What would a Pulp Calendar be without at least one appearance of the Yellow Peril? Orientals fascinated pulp writers and readers. The problem with the way pulp portrayed Asians was that they went to opposite extremes, portraying them either as gibbering morons, usually as comedy relief, or (and usually more often) as sinister sadists. There was an alluring ambiguity to the pulp Oriental, since pulp never seemed quite as certain of Asians' inferiority as they were about other racial groups. But pulp was still just as racist towards Asians as it often was toward other groups because writers rarely imagined an ordinary guy or dame who just happened to be Asian. The whole point of having an Asian in your story, most of the time, was to indulge in fantasies of Otherness, which in the case of Asians often meant fantasies of setting aside American morality and getting away with murder, as often happens in stories set in Chinatown in which the murderer is the hero, if only because he kills someone even worse, as in the works of Walter C. Brown or Arden X. Pangborn. One can go too far the other way, of course, in refusing to imagine the possibility of Otherness on the assumption that people everywhere are essentially the same in all ways that count. That approach can result in a certain blandness of pop fiction, and in the meantime our fantasies of Otherness have been transferred to the paranormal ghettos of so many fictional cities, where vampires, werewolves, faeries and others play the roles for 21st century readers that the archetypal Chinaman played for our grandparents and great-grandparents. Once it became bad form to define people by Otherness, while people still dreamed and fantasized about it, Otherness had to become literally inhuman in order to endure in print.
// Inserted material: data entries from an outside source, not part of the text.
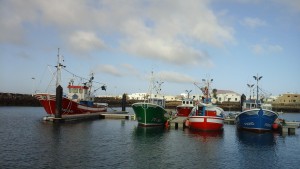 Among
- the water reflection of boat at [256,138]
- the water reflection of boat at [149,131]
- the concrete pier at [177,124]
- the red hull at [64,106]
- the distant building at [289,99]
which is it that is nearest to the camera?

I assume that this 1939 DFW cover illustrates the Norbert Davis story, though the title, "Ideal For Murder," gives away nothing. More interesting for me would be the Richard Sale novelet, "Guns For Spain." Pulp regarded the Spanish Civil War with some ambivalence, since it pitted fascists against leftists. Depending on how threatened an author felt by the Germans and Italians, one could take a "plague on both your houses" approach to the conflict, allowing maximum freedom of action for a freebooting hero. I'd be interested in seeing Sale's angle on the war, even though this story may well take place entirely outside Spain. Along with these featured stories, Judson Philips wraps up a serial and William R. Cox, a writer I identify with westerns, contributes a short story, as do Robert Arthur, William E. Brandon and one E. O. Umsted. The Fiction Mags Index doesn't give a cover credit but I like the tastefully lurid look of the thing. It isn't barking mad looking like the horror pulps of the period, but it still says "pulp" to me.